'Powerful forces' stopped disclosure of MPs' expenses

UK data watchdog Richard Thomas speaks out

The parliamentary expenses scandal, and the political furore engulfing the Government this weekend, was a direct result of politicians trying to hide their public affairs "behind closed doors", according to the man who first ordered the House of Commons to disclose MPs' spending.

Richard Thomas, the Information Commissioner, in his first interview since the staggering scale of the abuse of public money by MPs first emerged four weeks ago, said the "controversy" demonstrated the true power of the Freedom of Information Act.

Mr Thomas described the three-year struggle to publish MPs' expenses as a complex legal saga involving a battle against "powerful forces". He said: "The combination of the Freedom of Information Act and journalism had brought home the importance of transparency and accountability."

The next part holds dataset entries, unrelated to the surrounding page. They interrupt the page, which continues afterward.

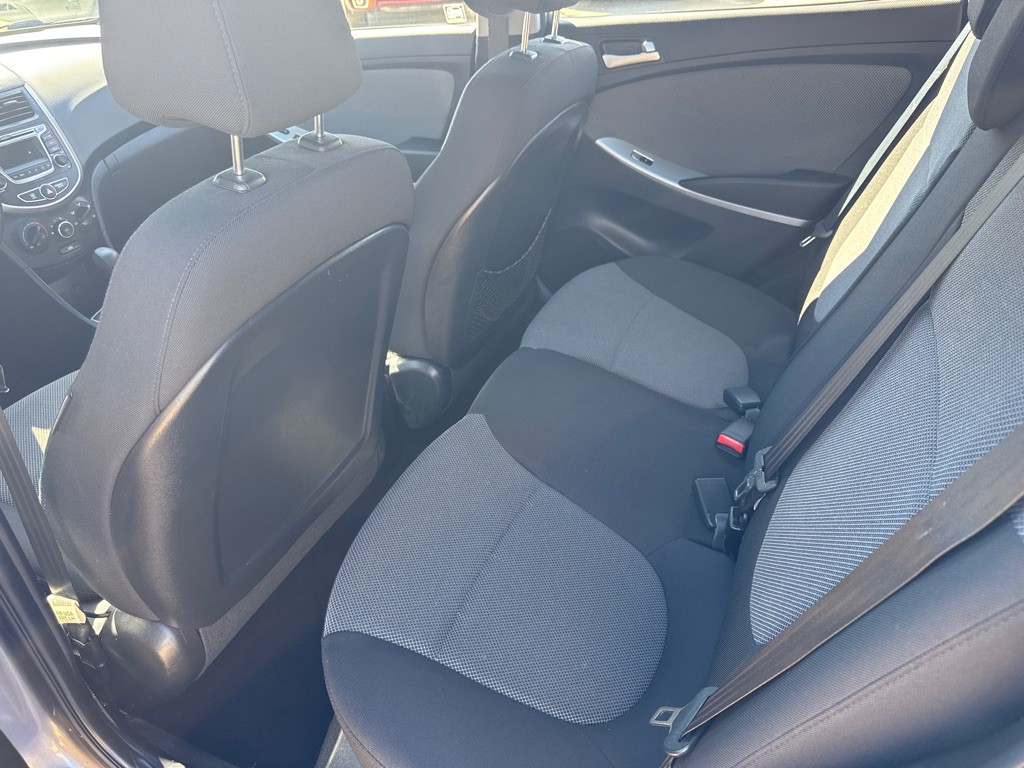 2014 Hyundai Accent Image 11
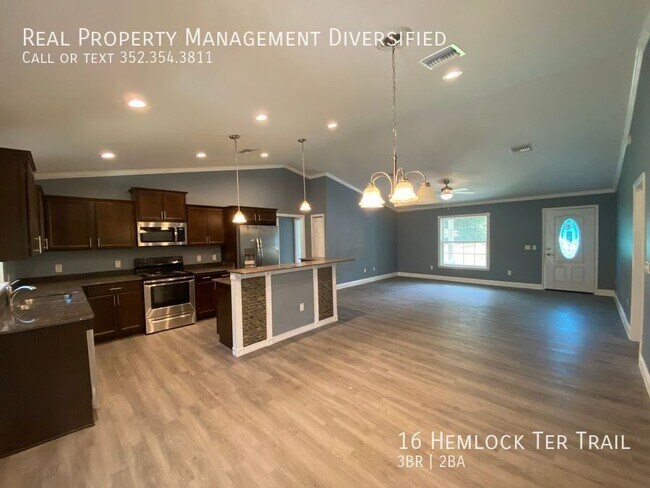 Building Photo - 16 Hemlock Terrace Trail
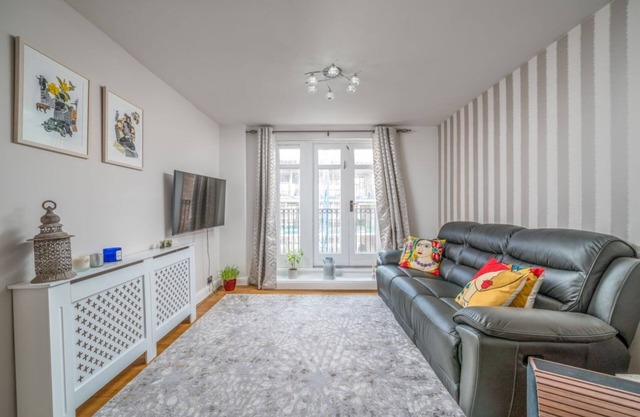 Charming flat near Vauxhall Gardens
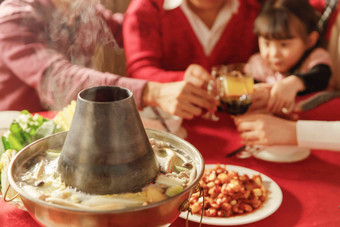 幸福的东方家庭过年举杯庆祝食物高清图片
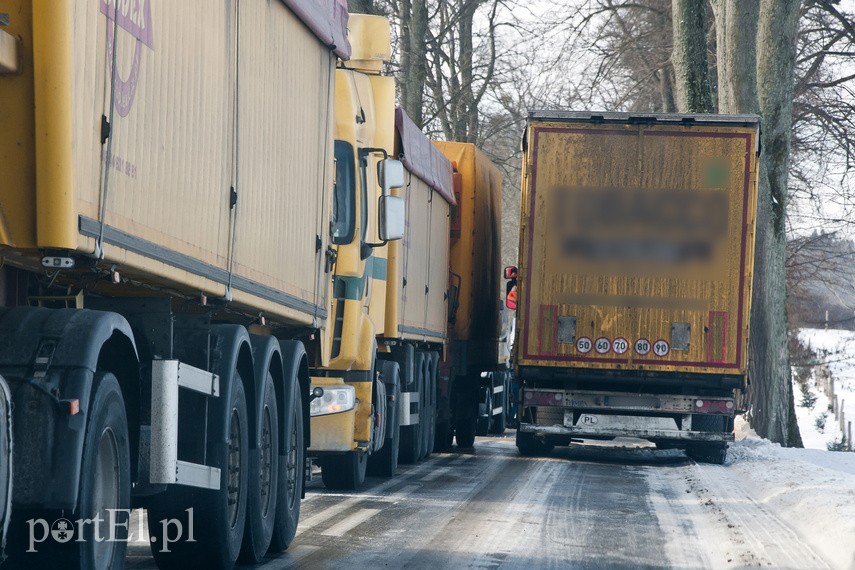 Lód, śnieg, ciężarówki wpadają do rowów”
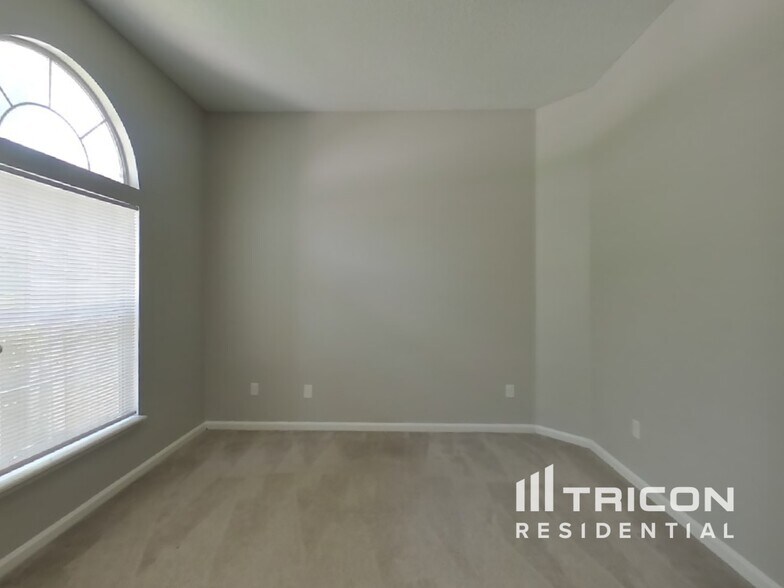 Building Photo - 4305 Ripken Cir W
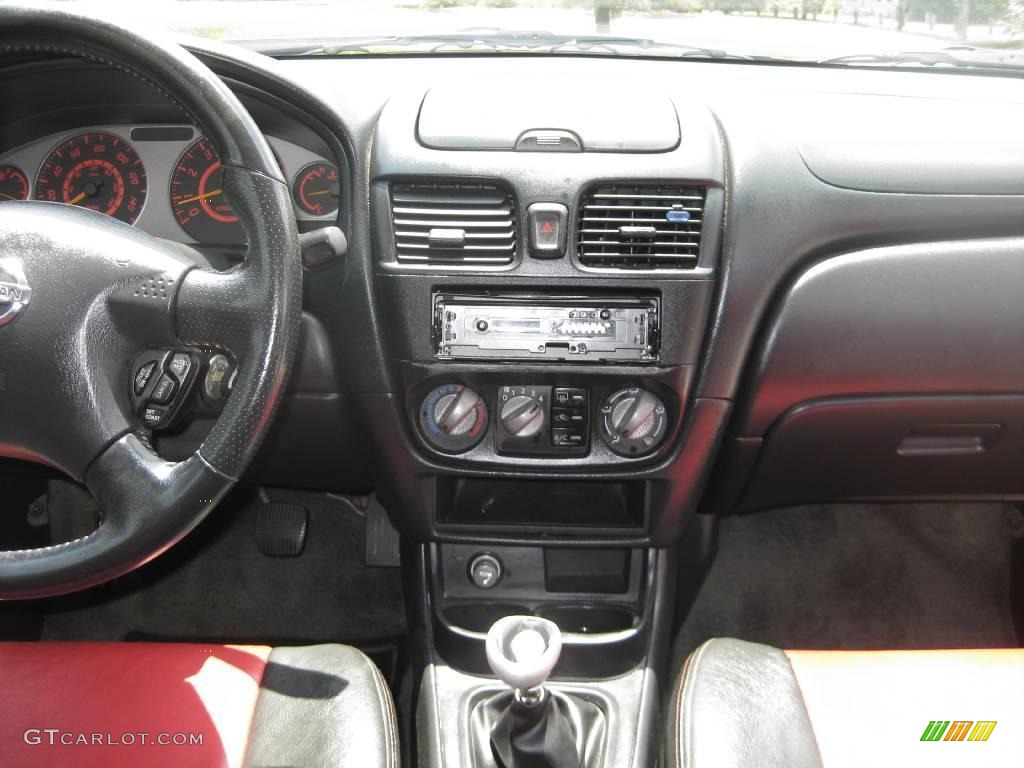 2003 Sentra SE-R - Aztec Red / Black photo #30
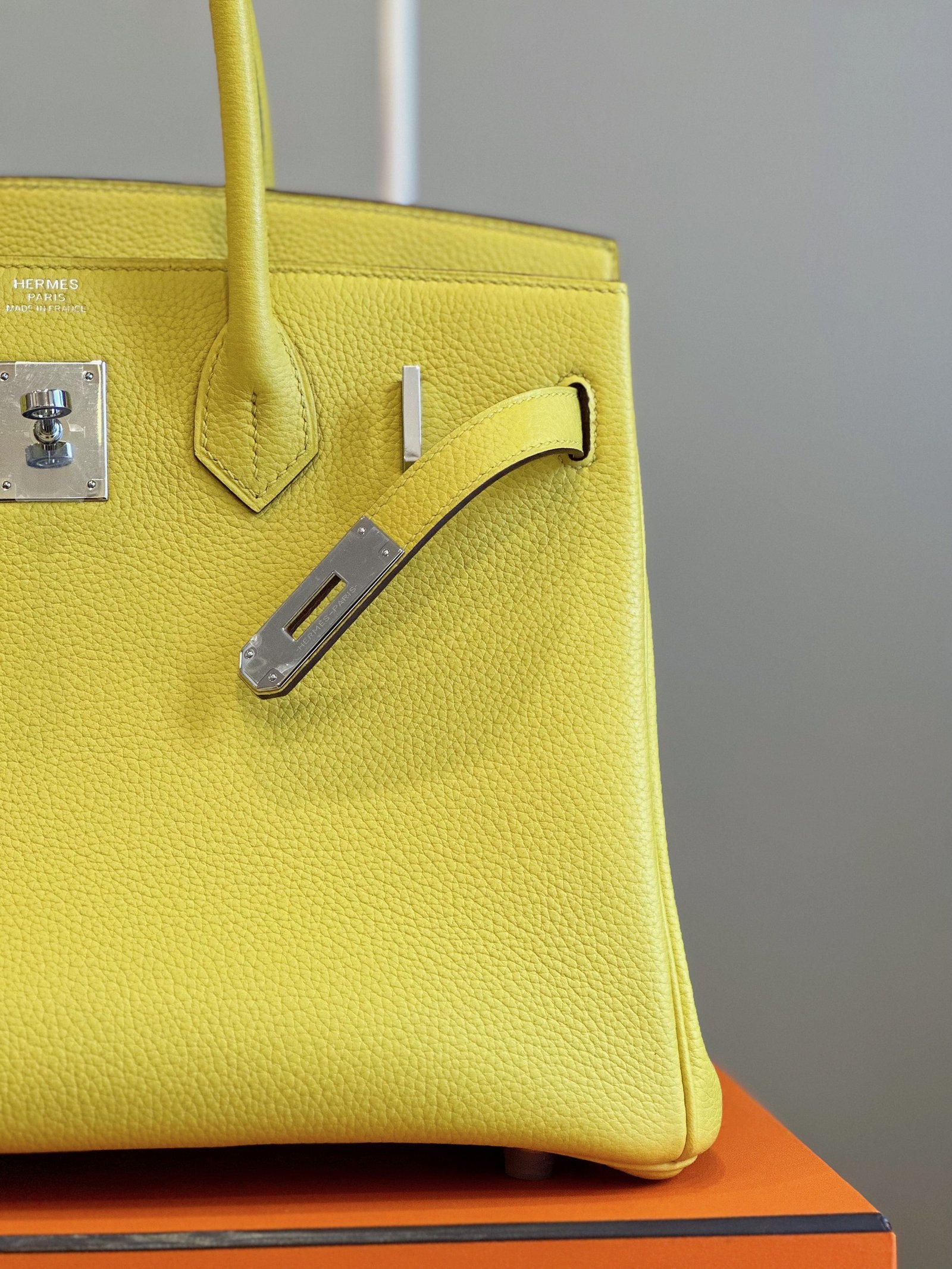 HN 30 Amber Yellow Palladium Hardware - Image 7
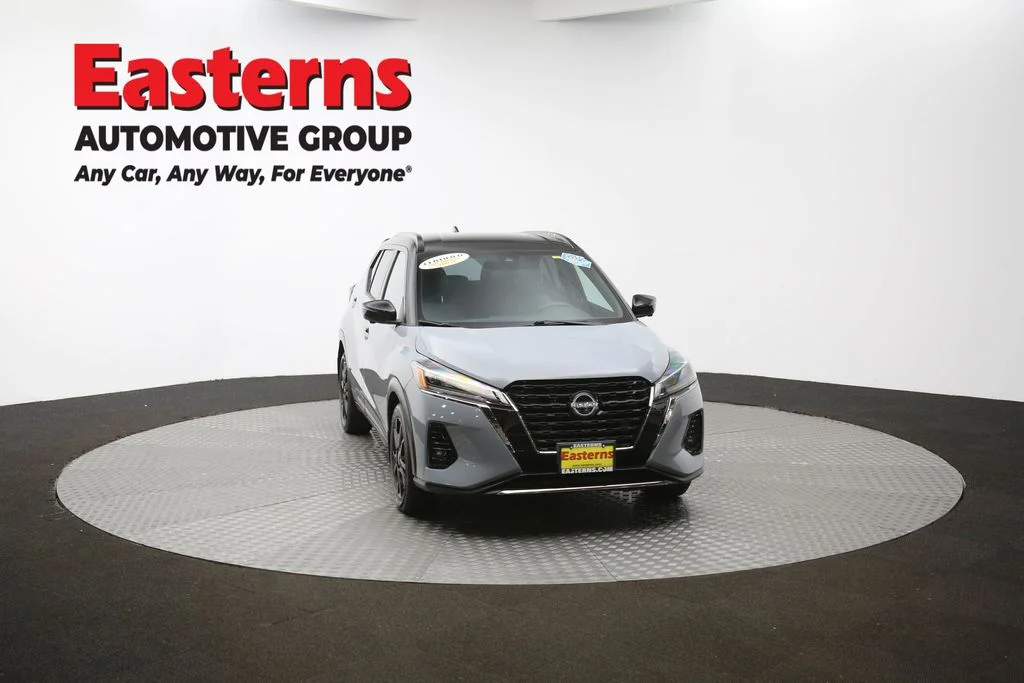 Used 2023 Gray Nissan SR image 50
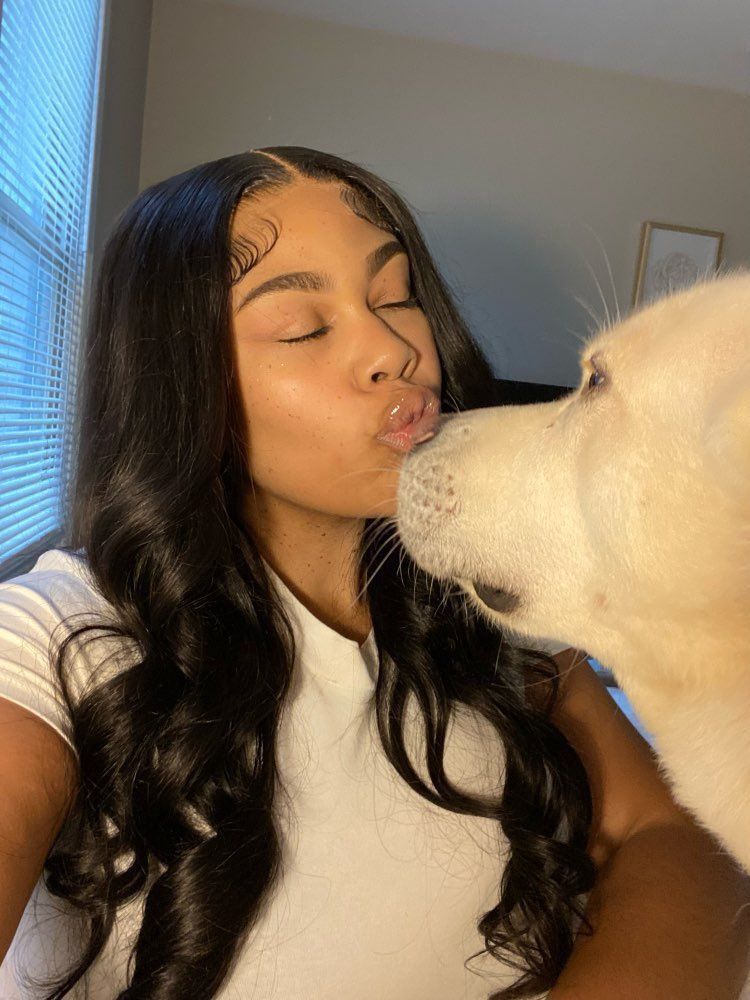Customer photo review of Wear Go Body Wave Wig Pre-plucked Glueless Human Hair Wigs Pre-Cut Lace Wig Beginner Friendly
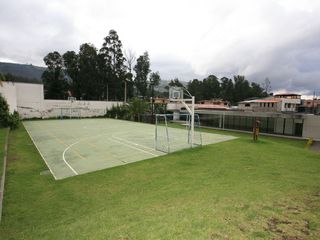 Foto 32 de CASA ESQUINERA MODERNA CON JARDÍN Y SEGURIDAD EN CONJUNTO PRIVADO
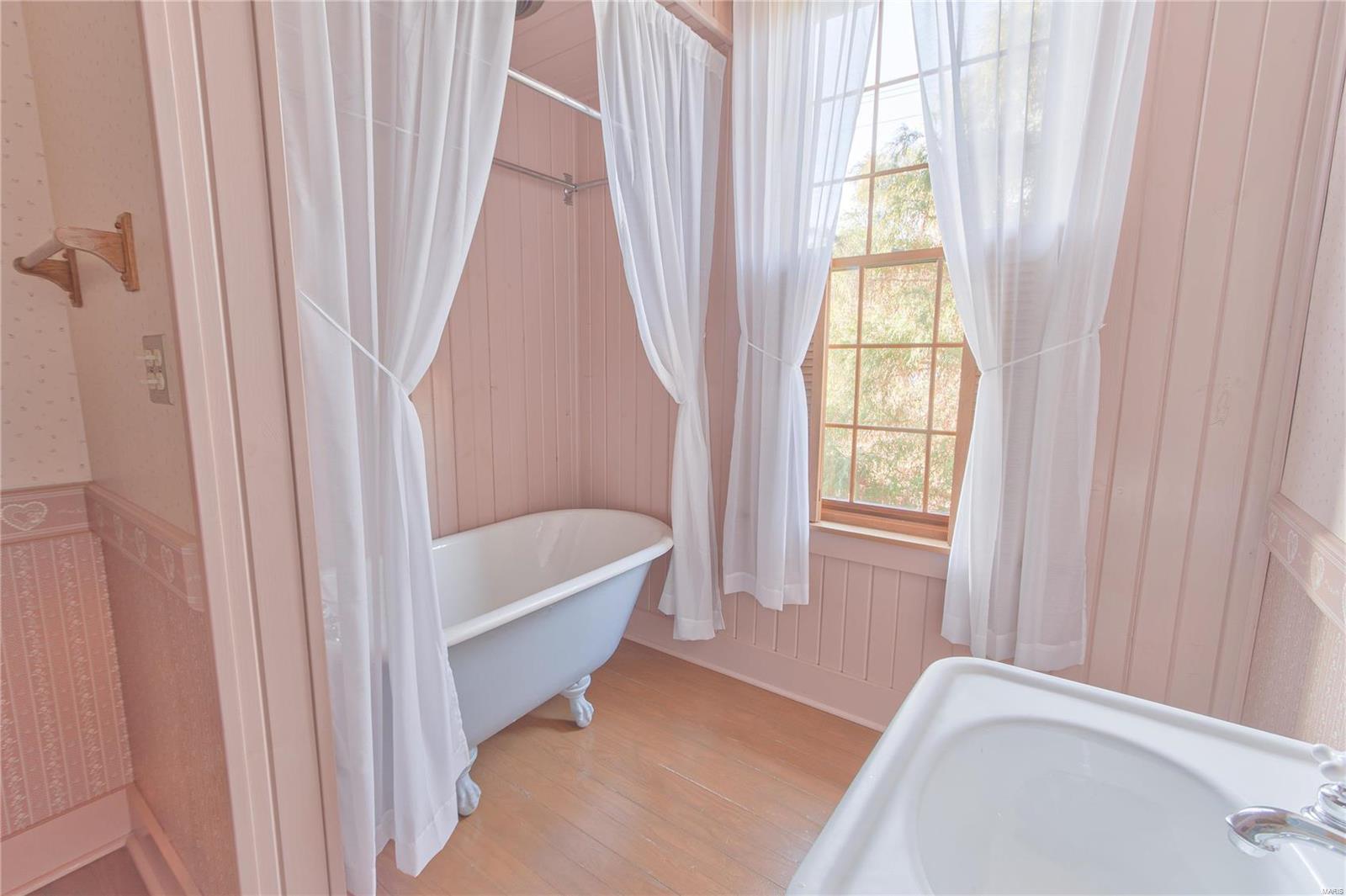 1113 Troy Road Edwardsville, IL 62025 - Photo 23 of 43 Gallery Image 23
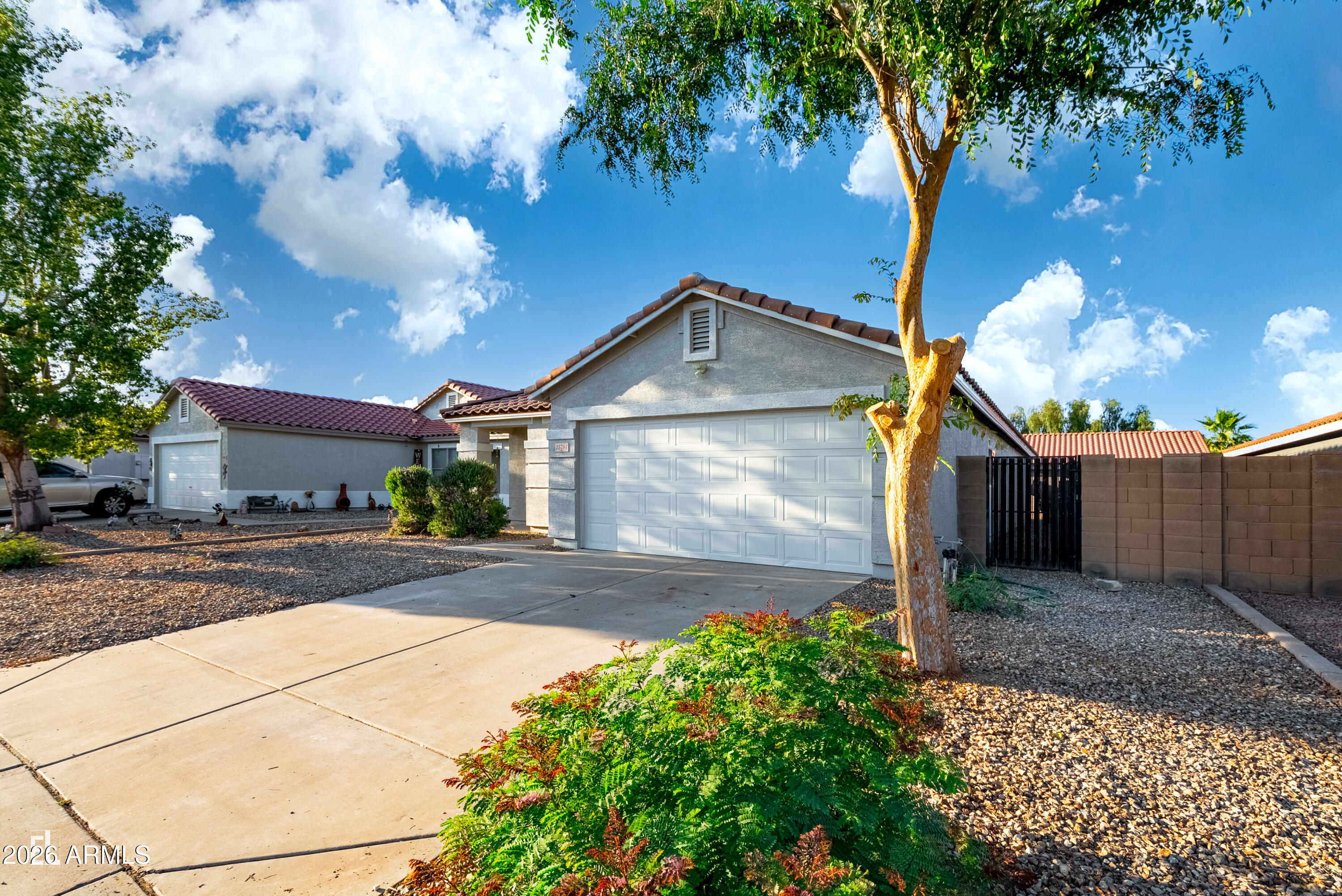 15784 W CROCUS Drive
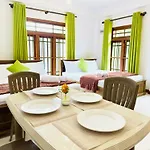 Ceyonra Evermist Bed & Breakfast Nuwara Eliya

Speaking exclusively to The Independent on Sunday, Mr Thomas said: "The controversy shows the value of bringing into the open how public money is spent and the possibility of things not being done properly if people do things behind closed doors... It has put Freedom of Information on the map and transformed it from being a fragile flower to a permanent fixture."

Mr Thomas also said that, after such a high-profile public battle with the House of Commons, it would be "very difficult" for the Government or MPs to try to water down the legislation by introducing more exemptions. A private member's bill, tacitly sup- ported by the Government, would have exempted the Commons from the right-to-know laws, but in the end it failed to find a sponsor.

The Information Commissioner, who stands down at the end of this month after more than six years in the post, also defended his decision to order only restricted publication of MPs' expenses and not the disclosure of individual receipts for specific items.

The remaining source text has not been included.